The movie would have been fine without Venom or Gwen Stacy. Focus on the Harry, Peter, MJ love triangle with the Sandman subplot (and maybe add in the Vulture, as played by Ben Kingsly as a flying criminal mastermind manipulating Sandman and also having a hand in the death of Peter’s uncle). Save Gwen Stacy as the sub plot for the next film, with Bruce Campbell as Mysterio. Number 5 can be about the wedding of MJ and Peter, as interrupted by the Lizard and Shocker. Save Venom for number 6 or better yet, number not at all.

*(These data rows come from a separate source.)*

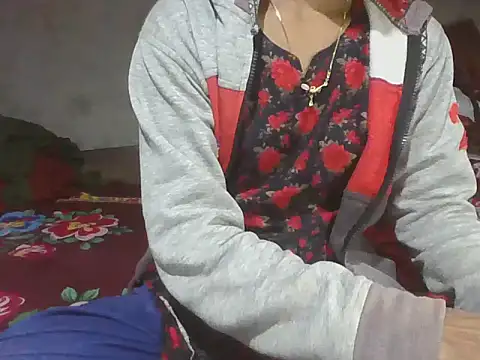 Snapshot of mala2580 chatting on December 2025 07:01:02 PM mala2580 online show from December 2025 07:01:02 PM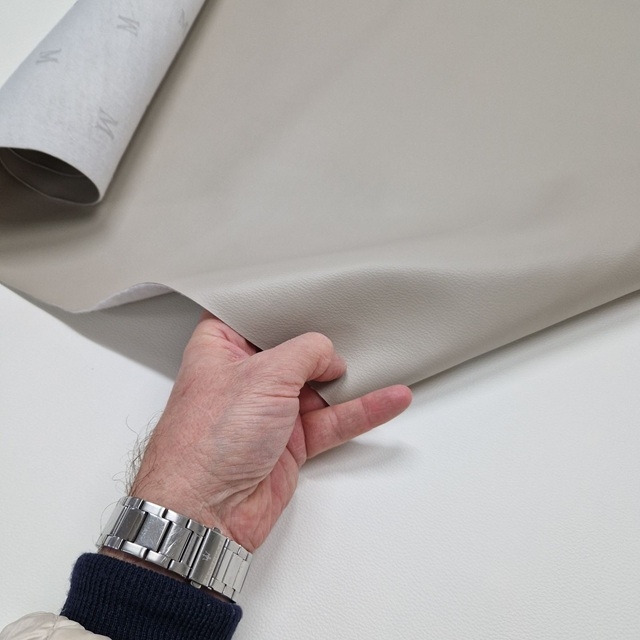 Umetno usnje, kos 140x55cm, bež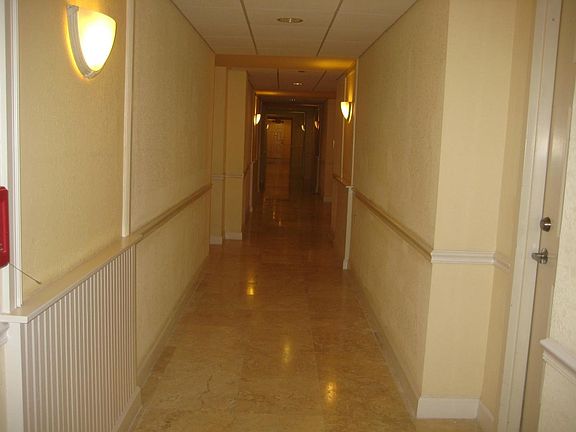 2nd image of 7000 SW 80th St APT 303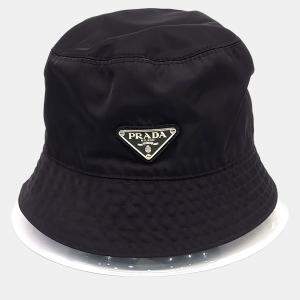 مملوكة مسبقًا Prada Black nylon bucket hat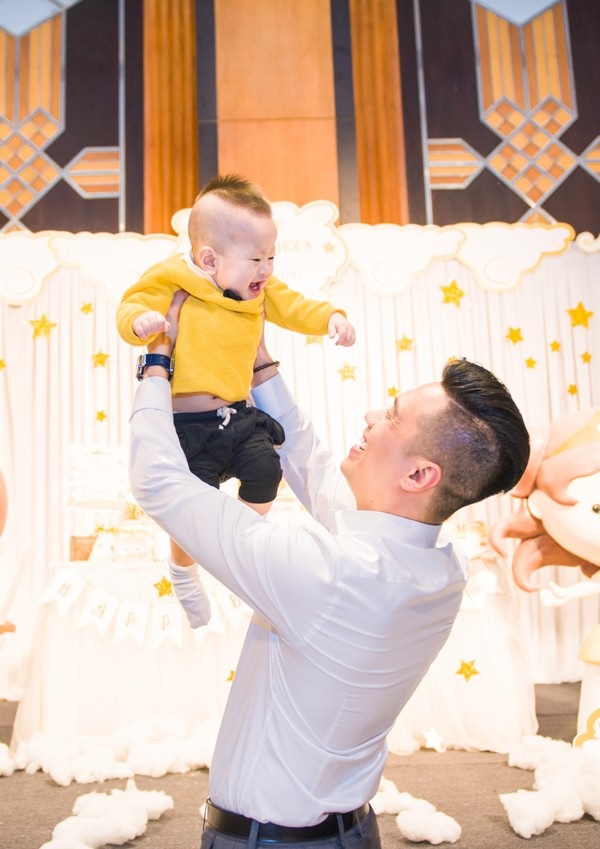 Bé Đậu Đậu vô cùng đáng yêu và được mọi người khen thừa hưởng nhiều nét đẹp của bố mẹ.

But on the bright side, there really is no way Pirates of the Caribbean 3 will suck, right? Update: 5/28: yes, I was right. Much better!

Drink, You Damn Dirty Apes!

Wednesday, April 11th, 2007

Fantagraphics, purveyors of the greatest comics in all theUuniverse, has a trailer up for the Drinky Crow Show, set to debut on Comedy Central’s Adult Swim, May 13.
Theme song by They Might Be Giants!
Link via Boing Boing.

Seriously, Spider What Now?

Tuesday, February 13th, 2007

Um, what?:

Seriously, Marvel, WHAT THE FUCK? At what point did Spider-Man having radioactive sperm ever seem like a good idea? At what point did anyone even think about Spider-Man having radioactive sperm? Jesus Christ, I can’t believe this ever saw print, I cannot believe that no-one at Marvel thought that having a comic where Spider-Man tells the corpse of his wife - because, yeah, I meant to say that, he’s talking to the corpse of his dead wife - that he killed her with his special radioactive spider-spunk was ANYTHING that should ever be allowed to appear in a comic. And that’s before you even get to the continuation of his admission: “Like a spider, crawling up inside your body and laying a thousand eggs of cancer… I killed you.”

I can’t really improve on “radioactive spider-spunk.” Wow.